*** Opening Material to process ***

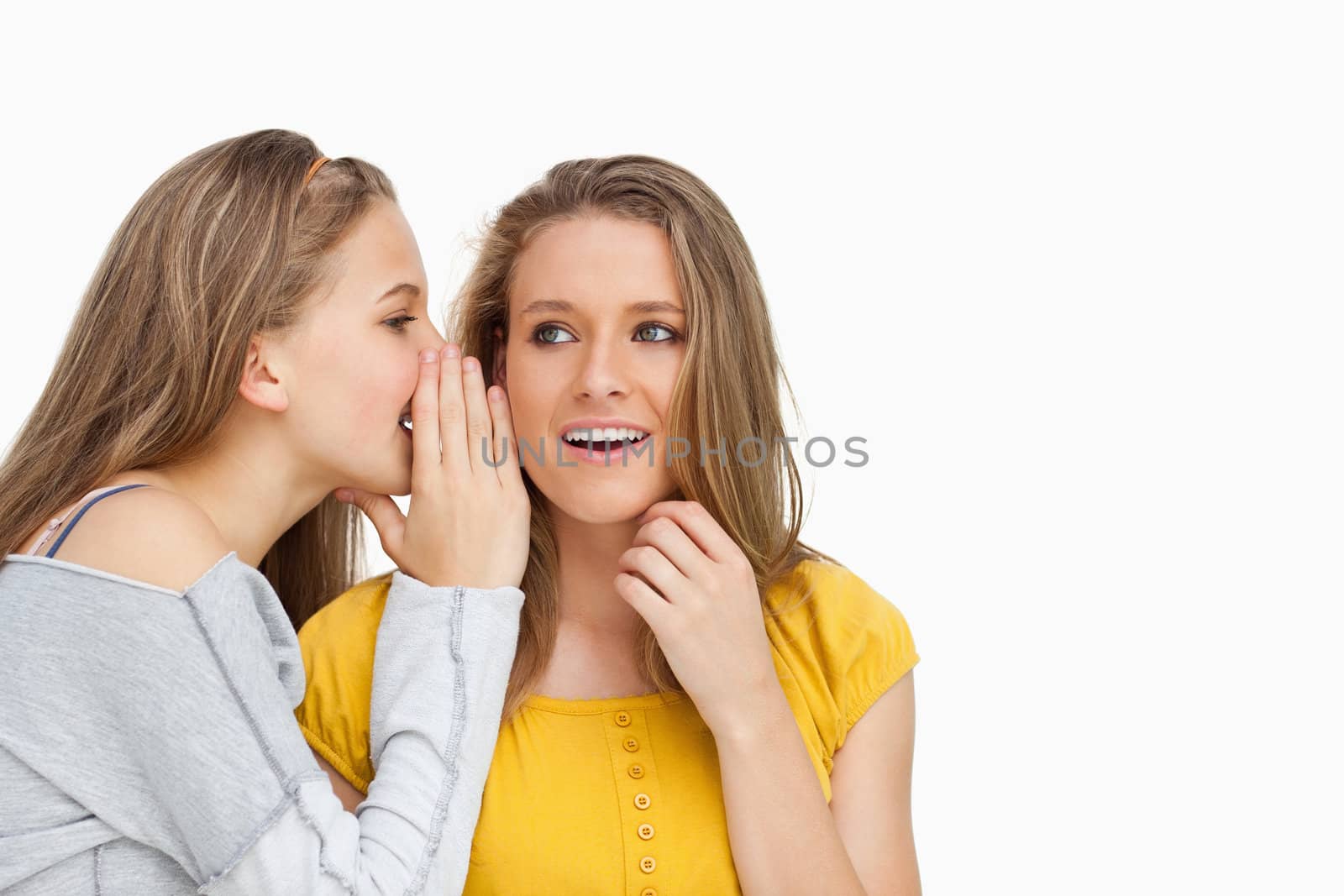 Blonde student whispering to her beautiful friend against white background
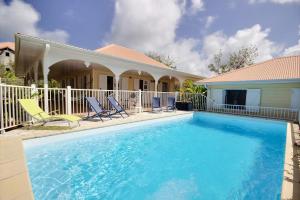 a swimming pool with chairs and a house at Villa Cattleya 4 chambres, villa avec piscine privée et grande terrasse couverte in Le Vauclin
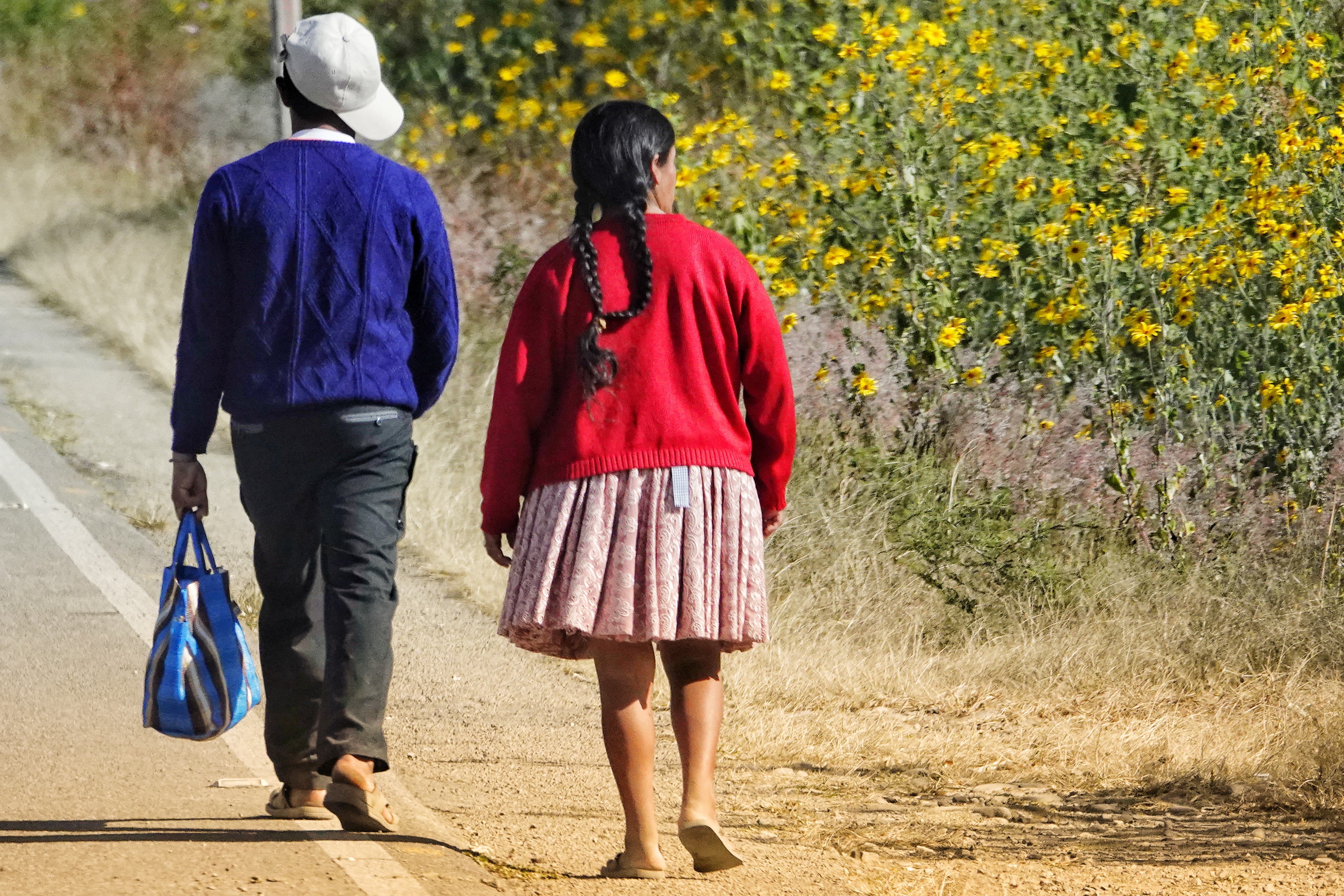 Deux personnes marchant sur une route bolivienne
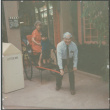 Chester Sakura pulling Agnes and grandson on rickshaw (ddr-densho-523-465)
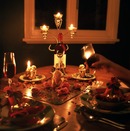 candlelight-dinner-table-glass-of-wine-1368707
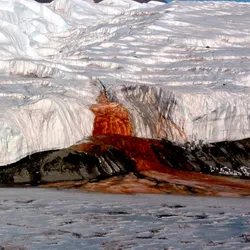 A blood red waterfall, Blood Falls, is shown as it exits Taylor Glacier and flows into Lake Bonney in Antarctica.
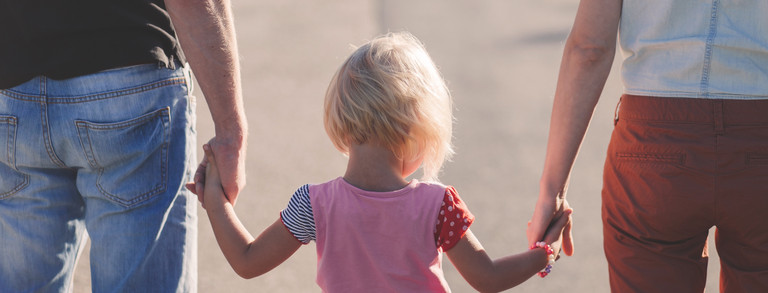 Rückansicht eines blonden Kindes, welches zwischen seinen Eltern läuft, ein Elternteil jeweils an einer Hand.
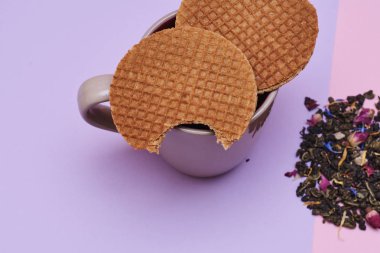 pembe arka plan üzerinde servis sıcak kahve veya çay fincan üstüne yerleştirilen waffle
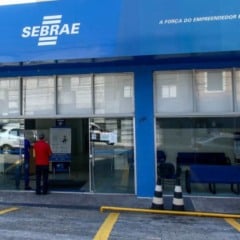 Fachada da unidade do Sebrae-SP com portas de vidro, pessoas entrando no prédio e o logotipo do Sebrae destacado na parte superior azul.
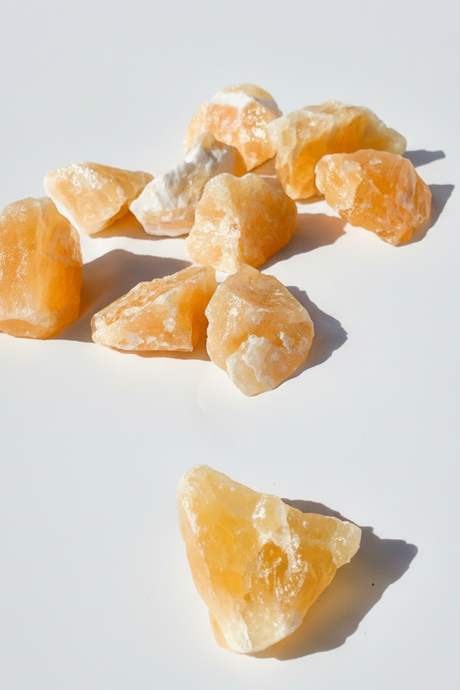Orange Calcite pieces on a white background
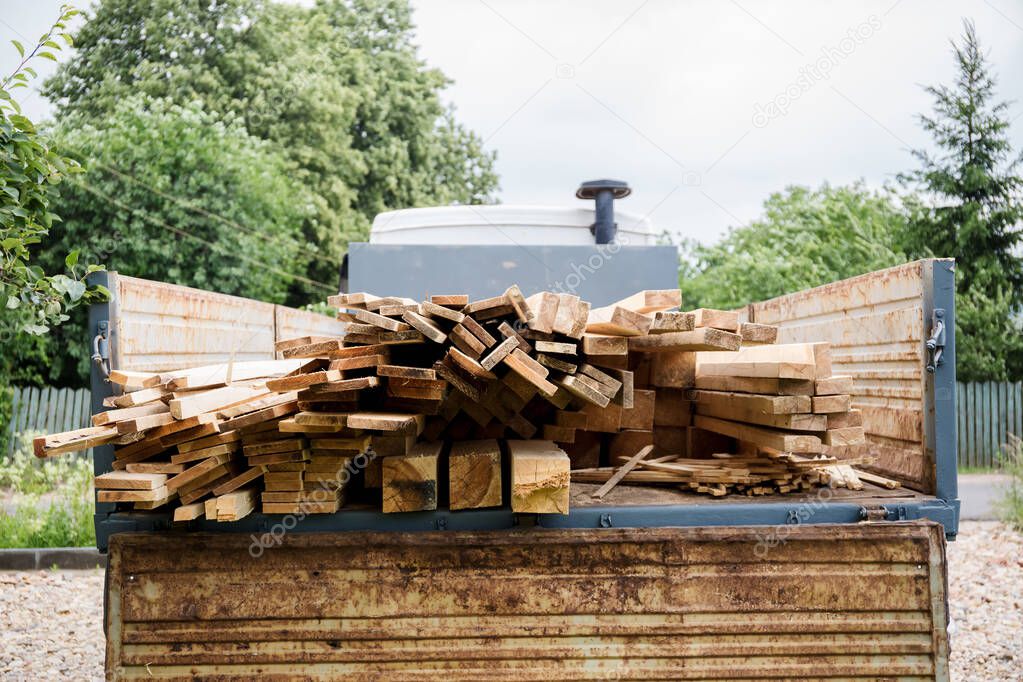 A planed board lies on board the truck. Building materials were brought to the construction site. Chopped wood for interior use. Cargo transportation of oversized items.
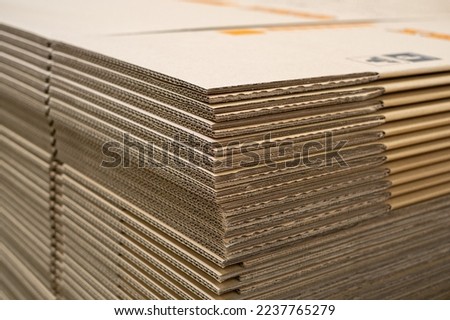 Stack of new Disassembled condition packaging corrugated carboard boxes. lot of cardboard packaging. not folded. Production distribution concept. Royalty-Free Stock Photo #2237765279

*** Closing Material to process ***

• What is required: When you reach the line containing "Deux personnes marchant" in the records above, write out that line and every line after it through the end, exactly, but omit the pictures.

• Solution to the exercise:
 Deux personnes marchant sur une route bolivienne
 Chester Sakura pulling Agnes and grandson on rickshaw (ddr-densho-523-465)
 candlelight-dinner-table-glass-of-wine-1368707
 A blood red waterfall, Blood Falls, is shown as it exits Taylor Glacier and flows into Lake Bonney in Antarctica.
 Rückansicht eines blonden Kindes, welches zwischen seinen Eltern läuft, ein Elternteil jeweils an einer Hand.
 pembe arka plan üzerinde servis sıcak kahve veya çay fincan üstüne yerleştirilen waffle
 Fachada da unidade do Sebrae-SP com portas de vidro, pessoas entrando no prédio e o logotipo do Sebrae destacado na parte superior azul.
Orange Calcite pieces on a white background
 A planed board lies on board the truck. Building materials were brought to the construction site. Chopped wood for interior use. Cargo transportation of oversized items.
 Stack of new Disassembled condition packaging corrugated carboard boxes. lot of cardboard packaging. not folded. Production distribution concept. Royalty-Free Stock Photo #2237765279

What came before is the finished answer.